Start of Block

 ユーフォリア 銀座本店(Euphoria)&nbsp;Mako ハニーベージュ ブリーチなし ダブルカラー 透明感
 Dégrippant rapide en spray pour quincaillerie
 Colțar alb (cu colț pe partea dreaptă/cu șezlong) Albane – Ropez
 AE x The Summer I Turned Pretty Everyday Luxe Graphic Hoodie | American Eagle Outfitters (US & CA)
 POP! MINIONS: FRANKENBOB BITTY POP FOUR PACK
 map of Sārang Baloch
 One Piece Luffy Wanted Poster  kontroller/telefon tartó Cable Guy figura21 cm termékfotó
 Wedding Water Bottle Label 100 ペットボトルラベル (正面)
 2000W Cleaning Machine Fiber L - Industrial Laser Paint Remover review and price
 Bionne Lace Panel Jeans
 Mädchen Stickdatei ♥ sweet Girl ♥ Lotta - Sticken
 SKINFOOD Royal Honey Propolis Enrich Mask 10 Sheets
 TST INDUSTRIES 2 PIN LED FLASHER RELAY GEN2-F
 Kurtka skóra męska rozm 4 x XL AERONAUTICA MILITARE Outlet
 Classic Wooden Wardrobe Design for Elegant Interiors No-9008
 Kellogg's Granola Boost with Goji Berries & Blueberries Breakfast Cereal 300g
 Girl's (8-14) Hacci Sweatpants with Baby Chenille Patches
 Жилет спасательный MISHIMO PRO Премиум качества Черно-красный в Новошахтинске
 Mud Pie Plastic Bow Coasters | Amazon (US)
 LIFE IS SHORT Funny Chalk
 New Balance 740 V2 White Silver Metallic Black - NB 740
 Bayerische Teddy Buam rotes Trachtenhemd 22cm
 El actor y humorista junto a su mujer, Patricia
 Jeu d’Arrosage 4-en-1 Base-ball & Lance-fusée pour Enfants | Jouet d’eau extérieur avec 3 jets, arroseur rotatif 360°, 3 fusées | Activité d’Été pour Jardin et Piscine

End of Block

• Exercise instructions:
Only an exact transcription of all the records above counts as an answer.

• Response:
 ユーフォリア 銀座本店(Euphoria)&nbsp;Mako ハニーベージュ ブリーチなし ダブルカラー 透明感
 Dégrippant rapide en spray pour quincaillerie
 Colțar alb (cu colț pe partea dreaptă/cu șezlong) Albane – Ropez
 AE x The Summer I Turned Pretty Everyday Luxe Graphic Hoodie | American Eagle Outfitters (US & CA)
 POP! MINIONS: FRANKENBOB BITTY POP FOUR PACK
 map of Sārang Baloch
 One Piece Luffy Wanted Poster  kontroller/telefon tartó Cable Guy figura21 cm termékfotó
 Wedding Water Bottle Label 100 ペットボトルラベル (正面)
 2000W Cleaning Machine Fiber L - Industrial Laser Paint Remover review and price
 Bionne Lace Panel Jeans
 Mädchen Stickdatei ♥ sweet Girl ♥ Lotta - Sticken
 SKINFOOD Royal Honey Propolis Enrich Mask 10 Sheets
 TST INDUSTRIES 2 PIN LED FLASHER RELAY GEN2-F
 Kurtka skóra męska rozm 4 x XL AERONAUTICA MILITARE Outlet
 Classic Wooden Wardrobe Design for Elegant Interiors No-9008
 Kellogg's Granola Boost with Goji Berries & Blueberries Breakfast Cereal 300g
 Girl's (8-14) Hacci Sweatpants with Baby Chenille Patches
 Жилет спасательный MISHIMO PRO Премиум качества Черно-красный в Новошахтинске
 Mud Pie Plastic Bow Coasters | Amazon (US)
 LIFE IS SHORT Funny Chalk
 New Balance 740 V2 White Silver Metallic Black - NB 740
 Bayerische Teddy Buam rotes Trachtenhemd 22cm
 El actor y humorista junto a su mujer, Patricia
 Jeu d’Arrosage 4-en-1 Base-ball & Lance-fusée pour Enfants | Jouet d’eau extérieur avec 3 jets, arroseur rotatif 360°, 3 fusées | Activité d’Été pour Jardin et Piscine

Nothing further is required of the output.